Task requirements: Using the listing below, print the line containing "So this is the", the line containing "In the second", and each line between them, exactly and nothing else. Pictures stay out of the print.

Data records:
┄┄┄┄┄┄┄┄┄┄

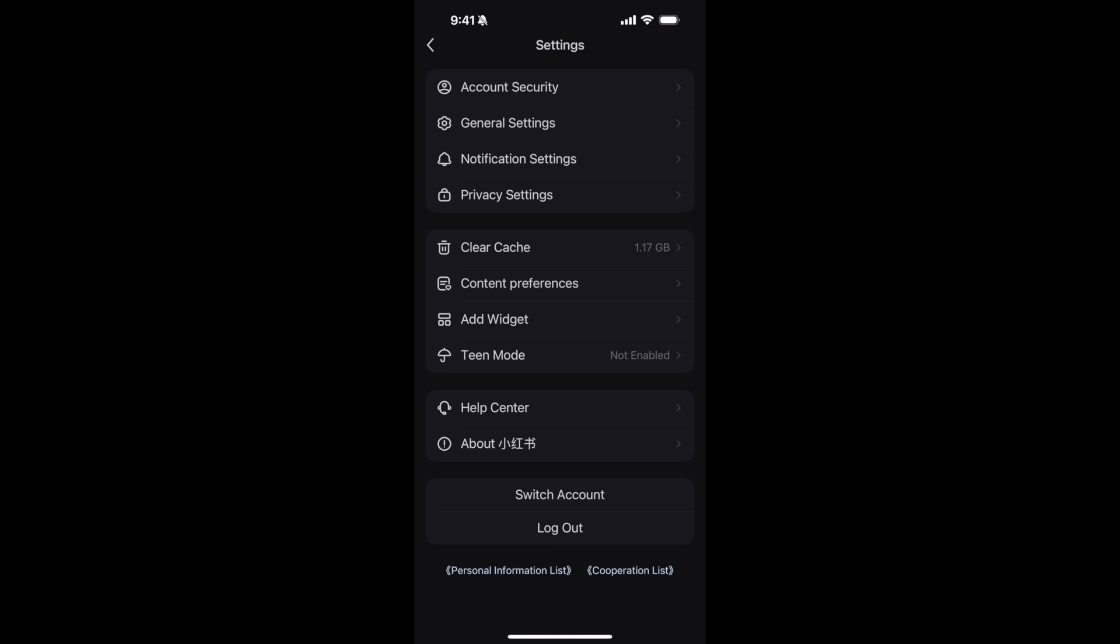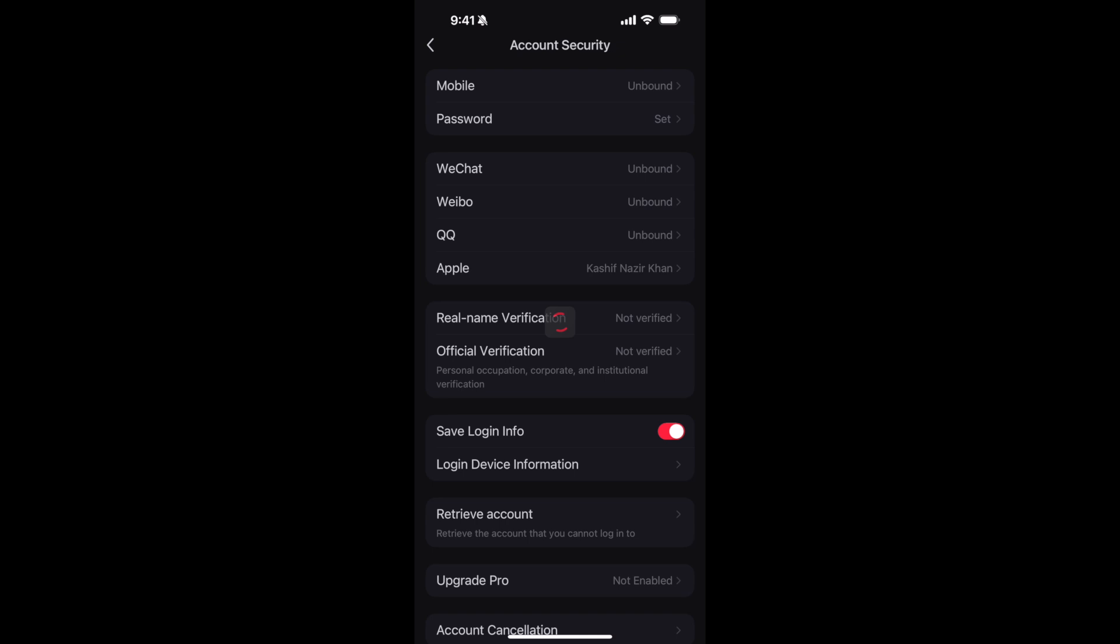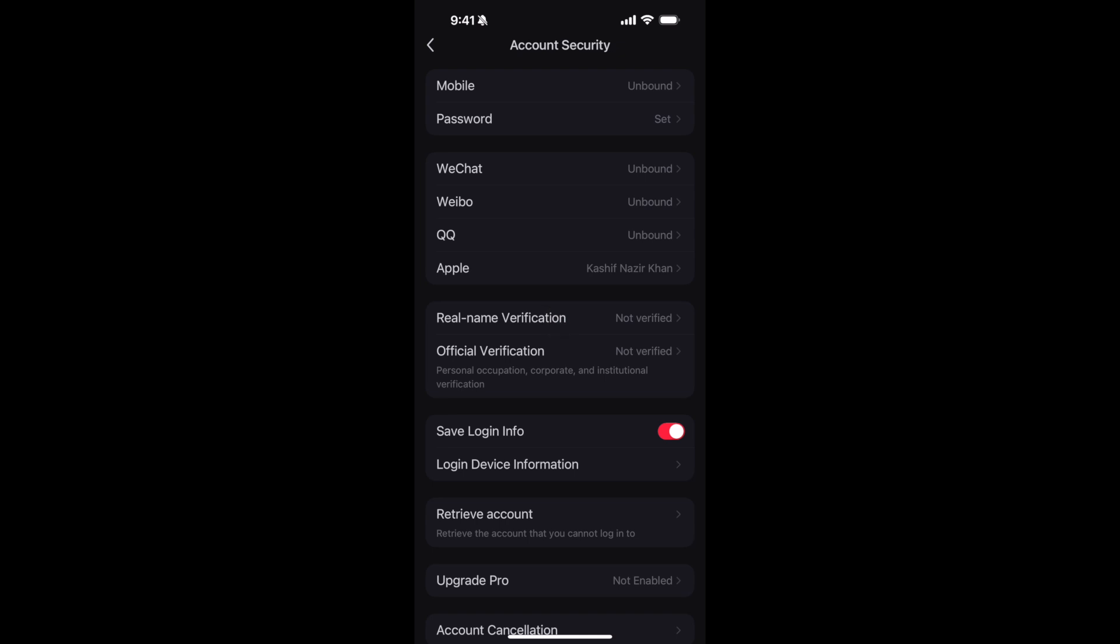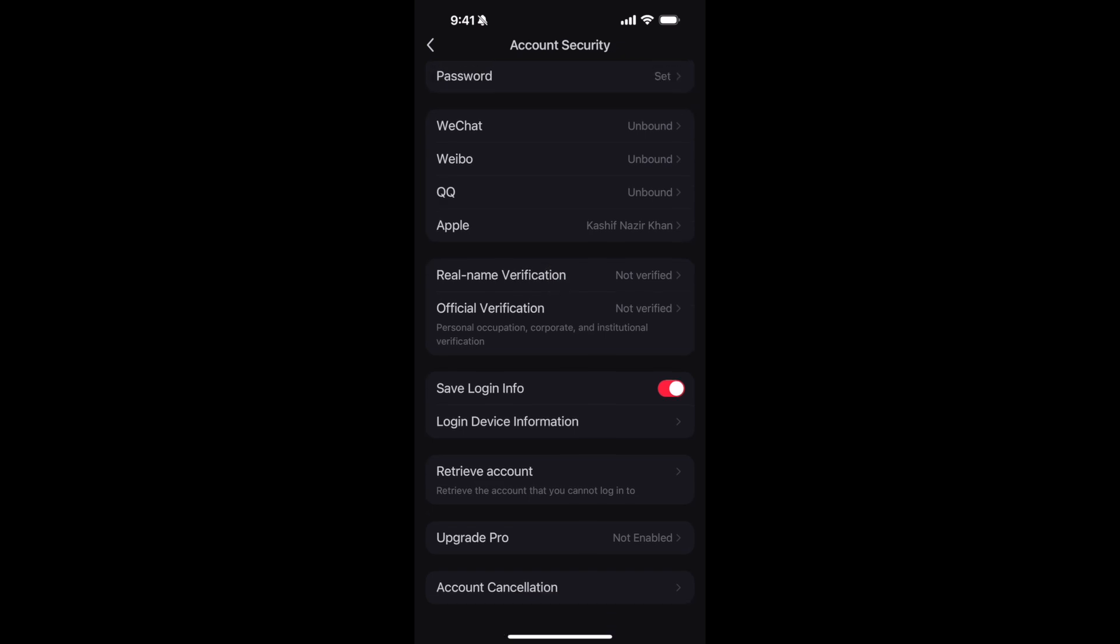Once you are inside here, you need to go to account security at the top. Inside here, go down to the bottom and you have an option of account cancellation. Tap on this.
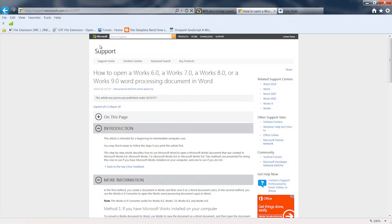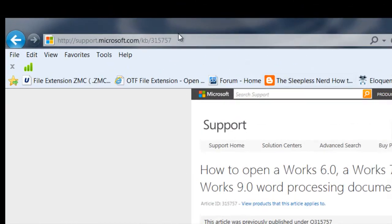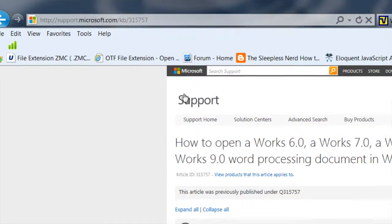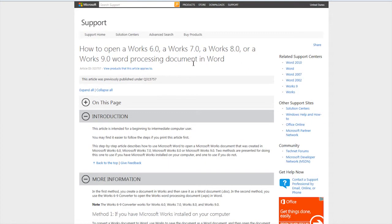If it is a .wps file, that's probably a Microsoft Works file, and you can either go find a copy of Microsoft Works somewhere, or you can go to the Microsoft website right here where you can download an adapter for Microsoft Word that will allow you to open it.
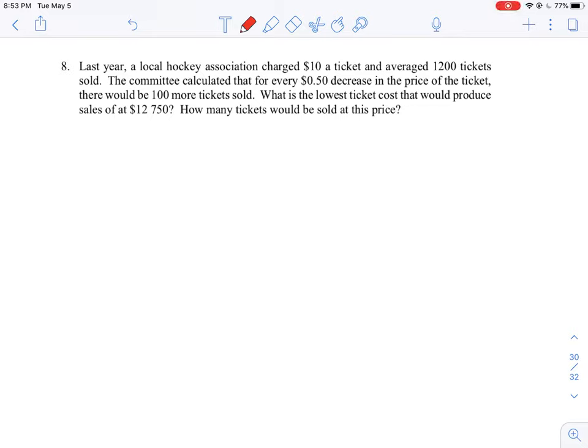Let's take a look at this last problem, question number eight. It's a sales optimization question where we're asked to calculate what would be the lowest ticket cost that would produce the maximum number of tickets sold if we're shooting for a certain sales amount. It's a financial question, a sales question, but the way they're asking it is a little interesting in how they set it up.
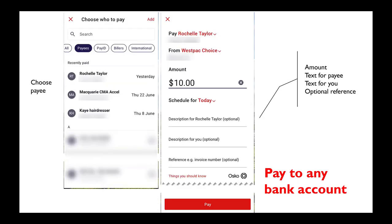You can also pay into any bank account directly. This is what I use, for example, to pay my fitness instructor and the hairdresser's here at Cypress Gardens. You just go into the appropriate screen, enter the amount, and type in the descriptions that you need.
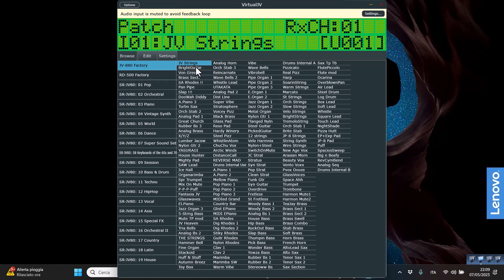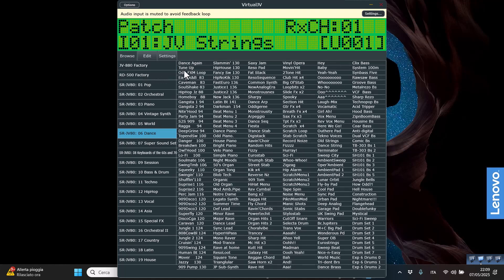So this is the first preset, the JV8 string, which is a very nice string preset. Let's try to use some of the included expansion packs and the loops that are in there.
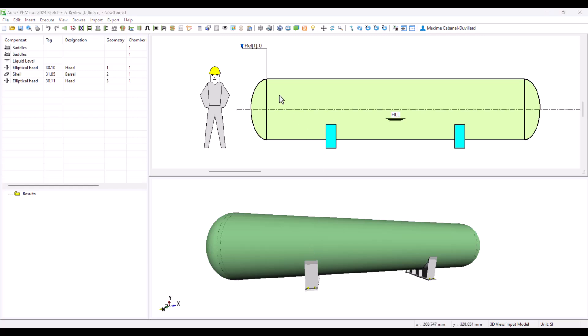In the second chapter of this series, we'll be exploring how to model a vessel starting from here. Thanks for watching, and see you there!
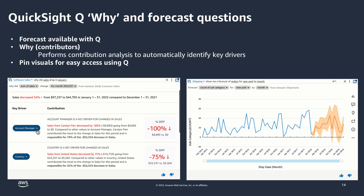The second new feature is forecast-type questions. Everyone wants to predict the future — how will 2023 look, what will my sales be, how will demand for inventory behave. With QuickSight Q forecast questions, you can ask something like 'Show me forecast of orders for New York by month,' and a yellow-shaded region shows the forecast result. We have also added pin visuals for easy access using Q, allowing reader or author users to take a visual generated from their question and pin it to a personal board of frequently asked questions and insights.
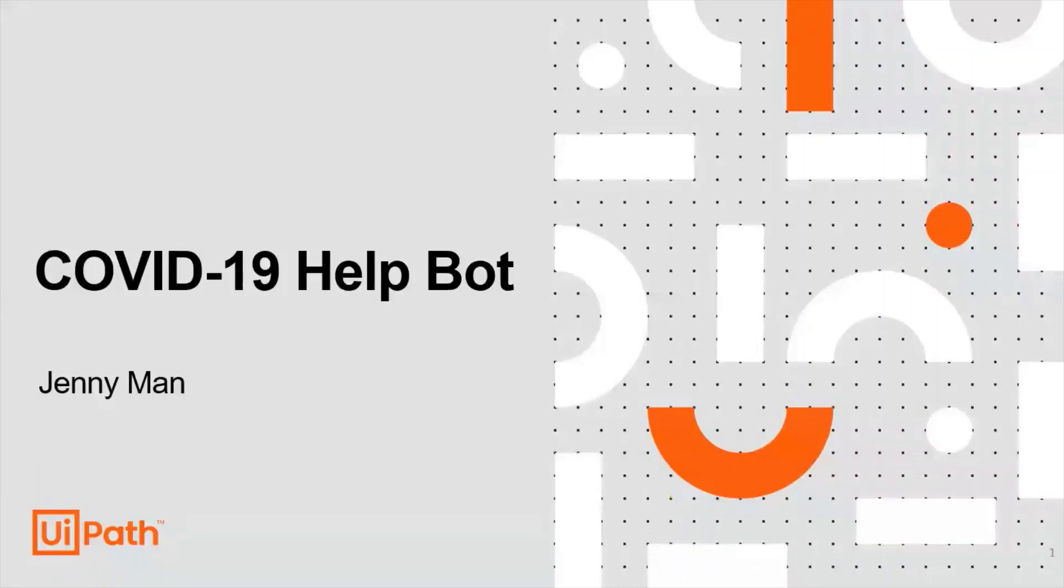Hey everyone, I'm Jenny Mann, a Customer Success Manager at UiPath. In this demo, I'll walk you through what's in the COVID-19 help bot I've created and how it works.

┄┄┄┄┄┄┄┄┄┄

Expected answer:
So this is the first preset, the JV8 string, which is a very nice string preset. Let's try to use some of the included expansion packs and the loops that are in there.
In the second chapter of this series, we'll be exploring how to model a vessel starting from here. Thanks for watching, and see you there!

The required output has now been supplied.